Bloomberg starts push for Willets Point plan

[Arturo] Olaya and the Willets Point Defense Committee represent the nearly 200 businesses at Willets Point who rent their property from a landlord and have little leverage in the fight to redevelop the area as a result. Nonetheless, the group has been one of the most vocal critics of the plan — demanding that businesses be relocated and those that rely on one another to be moved together in clusters.

“We’re waiting for justice, you know? We’re waiting for these councilmen to say, at least give justice to these people. But we don’t know if that’s going to happen. We’re just waiting,” he said.

“It’s the same thing all the time, the city is neglecting us,” Olaya said. “When we went to the hearing, I talked at 4:00 in the afternoon and there was only one councilman there. When Lieber was there, there was 15. They never want to listen to us.”


Olaya, tenant businesses ‘waiting for justice’

Today, Mayor Bloomberg met about the plan with groups of council members, including the Brooklyn and Queens delegations, according to one member. Even with another contentious issue on the horizon--property taxes--the mayor devoted the meeting to the issue of Willets Point. He and other officials, including Deputy Mayor Robert Lieber, gave their pitch on the plan and fielded questions on cost, the environment and other aspects, according to one in attendance.

The project--which seeks to remake an industrial area in Queens near Shea Stadium, in part through eminent domain--has caused a fair amount of controversy, mostly stemming from the possible widespread use of eminent domain. The local council member, Hiram Monserrate, has strongly opposed the plan as presented, but has consistently left open the door for an agreement. If he votes against it ultimately (the council must vote by Nov. 18), the city would have to try to round up enough votes from the rest of the membership, a tall task as most typically defer to the local representative.


Bloomberg Steps Into Willets Point Lobbying Push

5 comments:

Taxpayer said...

Let's watch the council members on this.

We already know that they are quick to give themselves and the Commissar something of great value they are clearly not authorized (by the voters) to give or take: a longer time in office.

So, how will they treat the private property, privately paid for, privately developed, but now publicly craved by the Commissar and his very wealthy developer cronies?

Will these council members once again abuse power and reach into our pockets to hand that private property over to wealthy developers?

And, then reach into our pockets to simply give those developers nearly $5 BILLION dollars to fritter away?

Just how destructively wretched are these council members?

Anonymous said...

anyone who votes this thru should be voted out!!!!

Anonymous said...

Keep adding Zeros on the plan "taxpayer"

The City has allocated 400 million for the plan.
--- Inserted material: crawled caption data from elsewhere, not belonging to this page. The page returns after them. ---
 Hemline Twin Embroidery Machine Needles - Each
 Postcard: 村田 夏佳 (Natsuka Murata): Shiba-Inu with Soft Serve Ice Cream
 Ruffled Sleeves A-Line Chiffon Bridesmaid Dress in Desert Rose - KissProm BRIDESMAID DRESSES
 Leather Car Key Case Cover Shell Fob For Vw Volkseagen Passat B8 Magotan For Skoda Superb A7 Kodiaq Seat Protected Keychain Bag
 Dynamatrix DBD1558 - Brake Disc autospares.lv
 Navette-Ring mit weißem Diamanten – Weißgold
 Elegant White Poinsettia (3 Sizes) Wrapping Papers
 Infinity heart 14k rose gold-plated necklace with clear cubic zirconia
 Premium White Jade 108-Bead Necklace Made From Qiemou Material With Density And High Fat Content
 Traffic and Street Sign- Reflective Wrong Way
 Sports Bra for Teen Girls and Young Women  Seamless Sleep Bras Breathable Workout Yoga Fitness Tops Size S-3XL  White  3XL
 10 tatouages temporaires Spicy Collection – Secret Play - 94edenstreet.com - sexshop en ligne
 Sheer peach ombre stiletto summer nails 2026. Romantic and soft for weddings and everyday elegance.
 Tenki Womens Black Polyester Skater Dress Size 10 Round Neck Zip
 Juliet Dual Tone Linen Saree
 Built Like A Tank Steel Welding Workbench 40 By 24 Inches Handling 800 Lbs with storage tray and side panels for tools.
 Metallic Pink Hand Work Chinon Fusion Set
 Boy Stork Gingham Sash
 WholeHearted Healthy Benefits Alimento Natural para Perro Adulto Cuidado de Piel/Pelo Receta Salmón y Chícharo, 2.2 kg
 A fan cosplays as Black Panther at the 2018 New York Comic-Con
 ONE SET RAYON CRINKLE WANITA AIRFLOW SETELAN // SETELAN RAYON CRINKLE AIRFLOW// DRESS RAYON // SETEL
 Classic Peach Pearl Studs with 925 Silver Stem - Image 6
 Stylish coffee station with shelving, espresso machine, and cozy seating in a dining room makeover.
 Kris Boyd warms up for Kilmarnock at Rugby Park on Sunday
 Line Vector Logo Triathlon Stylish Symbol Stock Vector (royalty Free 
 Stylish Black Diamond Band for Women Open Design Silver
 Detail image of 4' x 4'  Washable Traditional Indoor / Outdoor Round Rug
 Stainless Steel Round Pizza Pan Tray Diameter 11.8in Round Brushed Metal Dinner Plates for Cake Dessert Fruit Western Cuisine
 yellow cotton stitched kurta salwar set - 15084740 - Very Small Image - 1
Not ONE BILLION and certainly not FIVE BILLION of taxpayer dollars.

The dollars spent on purchasing, remediating and providing infrastructure will be recouped from the developer. So there is actually very little taxpayer dollars being spent here.

Despite your Rantings.

Anonymous said...

Leiber has admitted that the City will have to compromise the amount it recoups from the developer, if any, if that's what it will take to bring a developer on board. So at present, there's no assurance that taxpayer money will be recouped. In fact, given the economic climate, the developer will likely push hard to pay a minimal amount, if anything at all, for the property.

Anonymous said...

In any case if they give the cleaned up land and infrastructure we are still only talking about a 400 million dollar expediture NOT a BIllion or FIVE Billion taxpayer dollars

And this amount includes monies for the new highway access ramps going into and out of Willets Point.